*** Provided information Section Begins ***

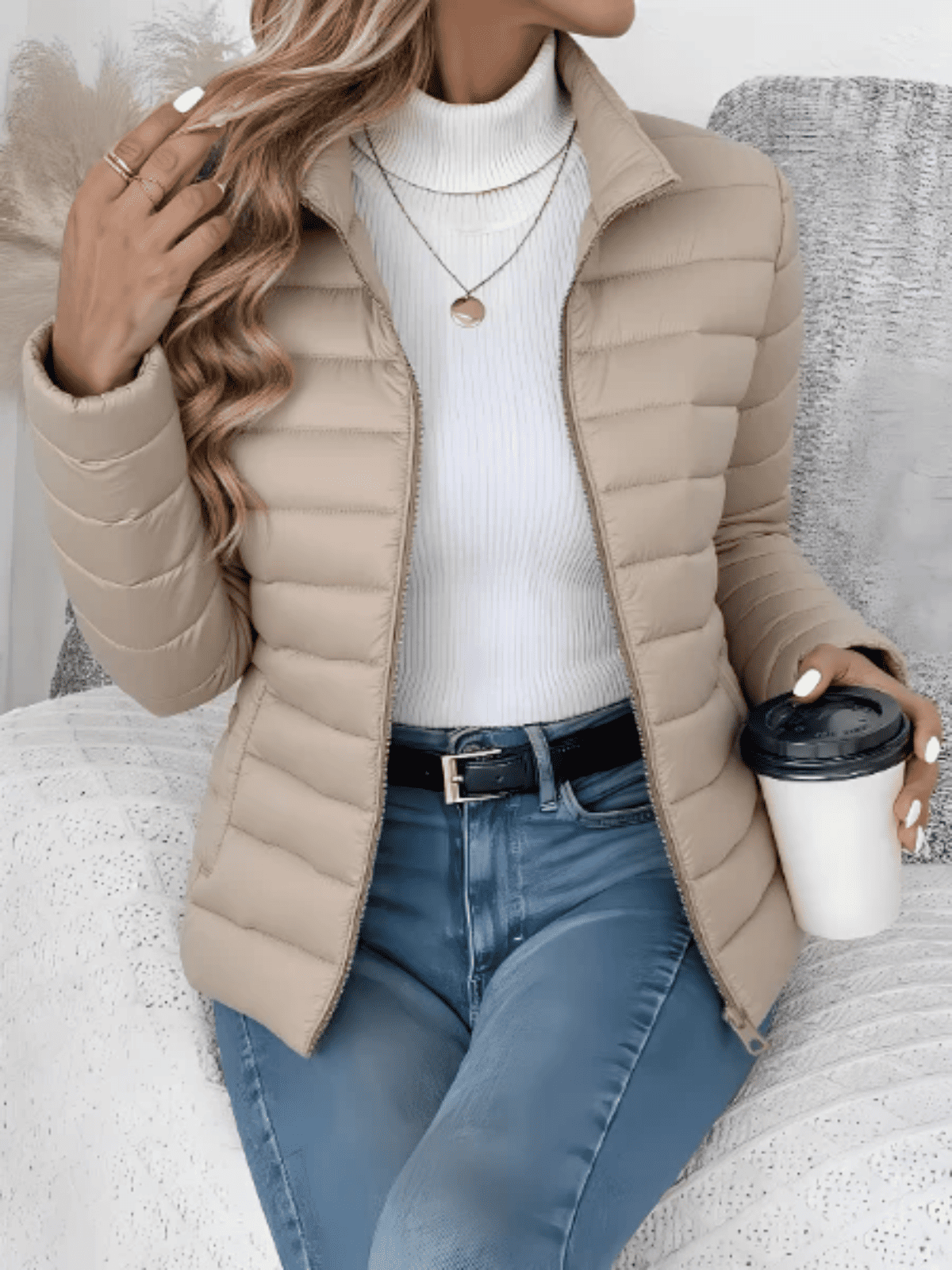Chaqueta Acolchada de Mujer - Cuello Alto y Corte Entallado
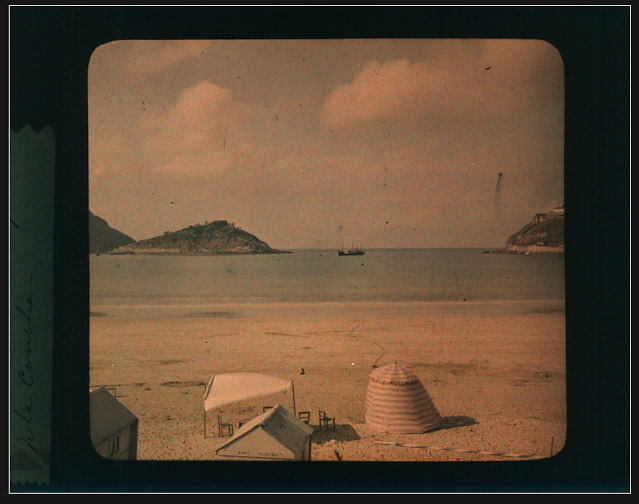 sanse-playa-con-toldo-antes-de-llegada-de-gente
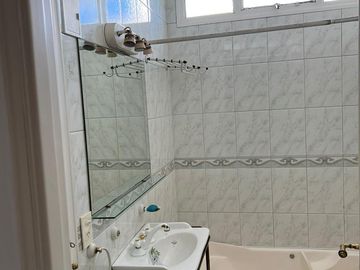 Estupendo semipiso al frente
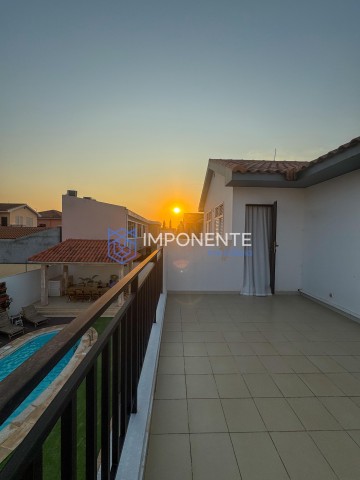 A Venda Vivenda V5 com piscina e anexo, no condomínio Austin, Camama.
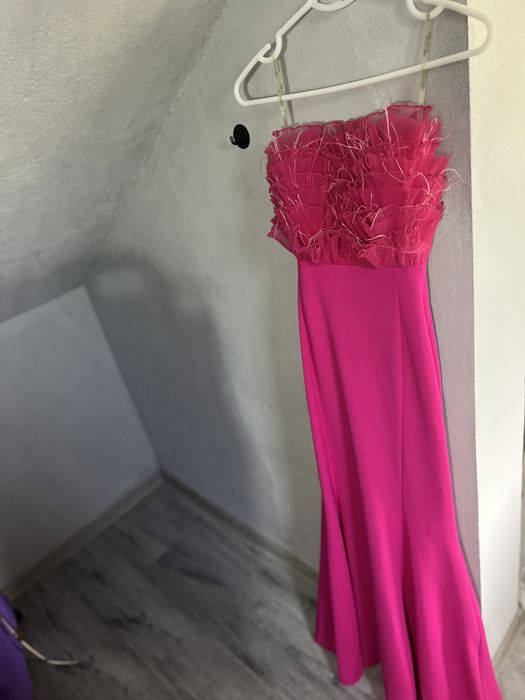 Vând rochită , culoare roz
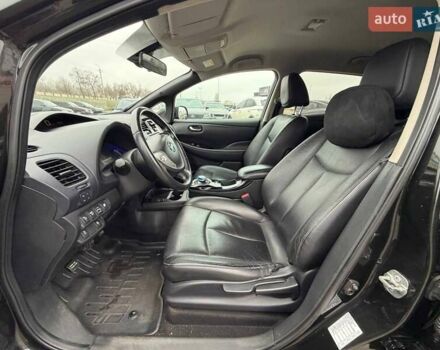 Чорний Ніссан Ліф, об'ємом двигуна 0 л та пробігом 118 тис. км за 7500 $, фото 28 на Automoto.ua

*** Provided information Section Ends ***

-- Instructions to follow --
Copy out exactly the lines between the line containing "A Venda Vivenda" and the end of the entries, including both, and leave the pictures behind.

-- Expected answer --
 A Venda Vivenda V5 com piscina e anexo, no condomínio Austin, Camama.
 Vând rochită , culoare roz
 Чорний Ніссан Ліф, об'ємом двигуна 0 л та пробігом 118 тис. км за 7500 $, фото 28 на Automoto.ua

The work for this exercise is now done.